### Directions for this task:
Since the copy must hold text only, transcribe the data below exactly and omit the images.

### Data:
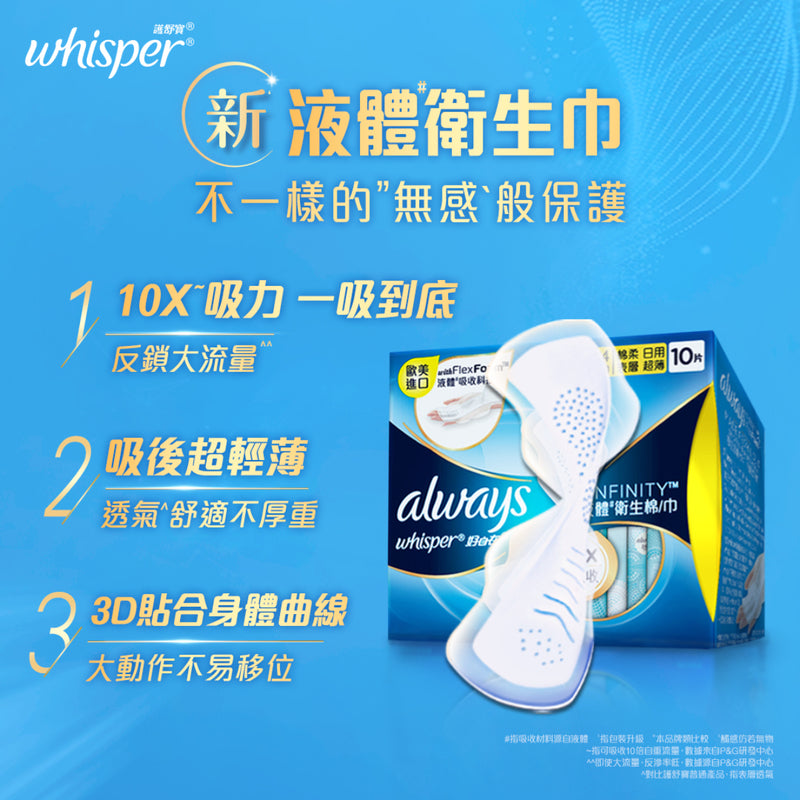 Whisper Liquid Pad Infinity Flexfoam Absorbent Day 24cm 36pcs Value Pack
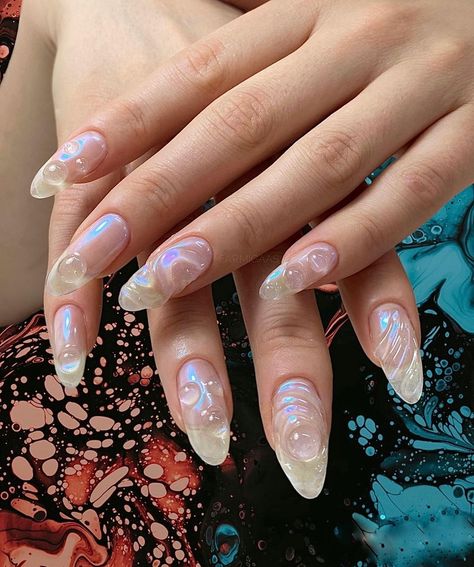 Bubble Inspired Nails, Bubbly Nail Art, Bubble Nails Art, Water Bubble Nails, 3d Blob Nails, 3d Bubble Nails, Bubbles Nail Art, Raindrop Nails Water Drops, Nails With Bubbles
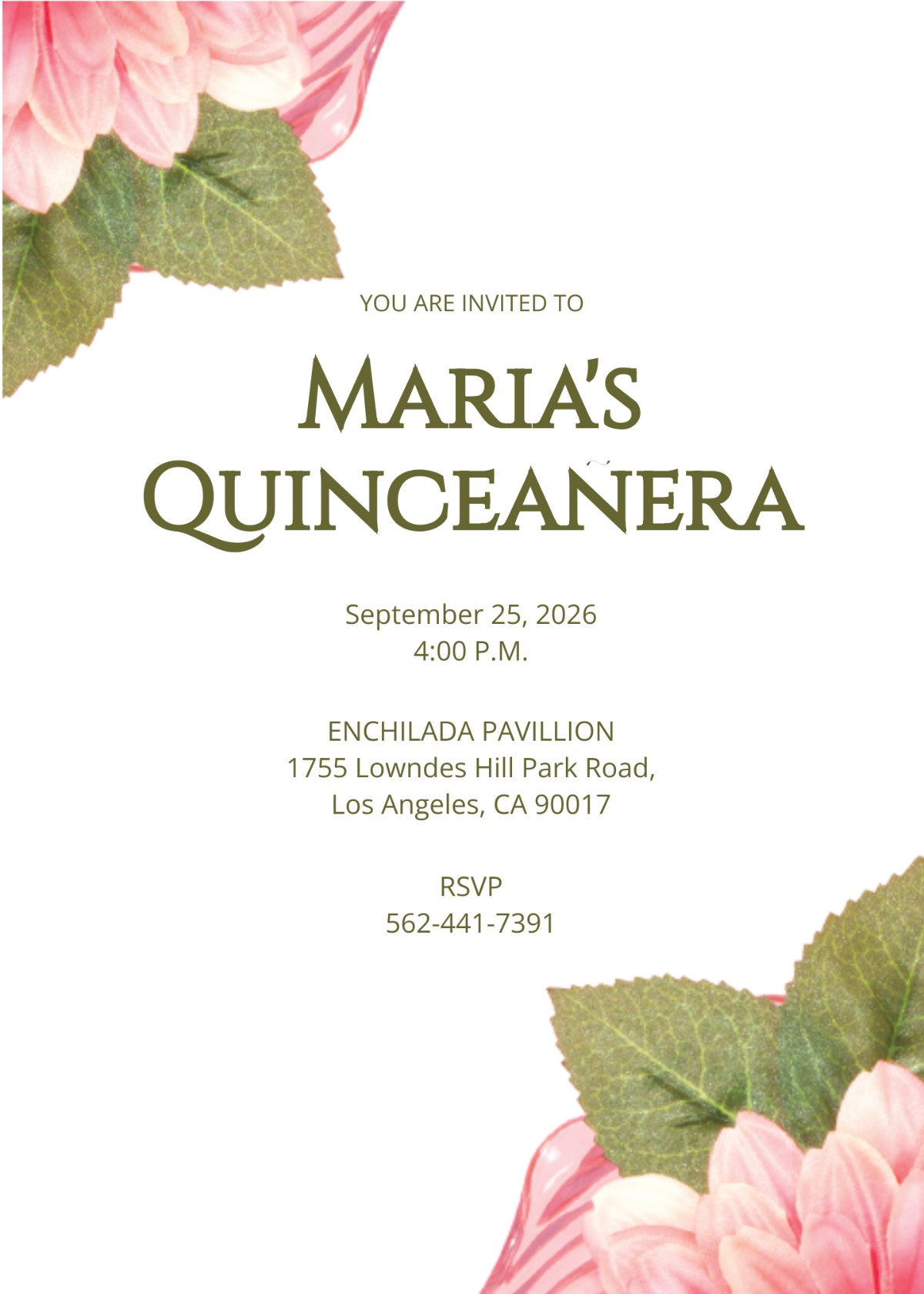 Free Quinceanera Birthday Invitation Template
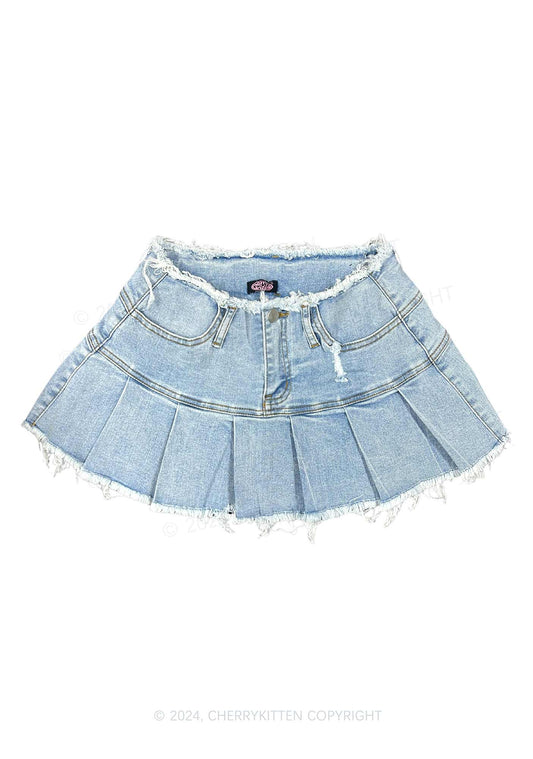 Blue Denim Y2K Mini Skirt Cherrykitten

### Exercise answer:
 Whisper Liquid Pad Infinity Flexfoam Absorbent Day 24cm 36pcs Value Pack
 Bubble Inspired Nails, Bubbly Nail Art, Bubble Nails Art, Water Bubble Nails, 3d Blob Nails, 3d Bubble Nails, Bubbles Nail Art, Raindrop Nails Water Drops, Nails With Bubbles
 Free Quinceanera Birthday Invitation Template
 Blue Denim Y2K Mini Skirt Cherrykitten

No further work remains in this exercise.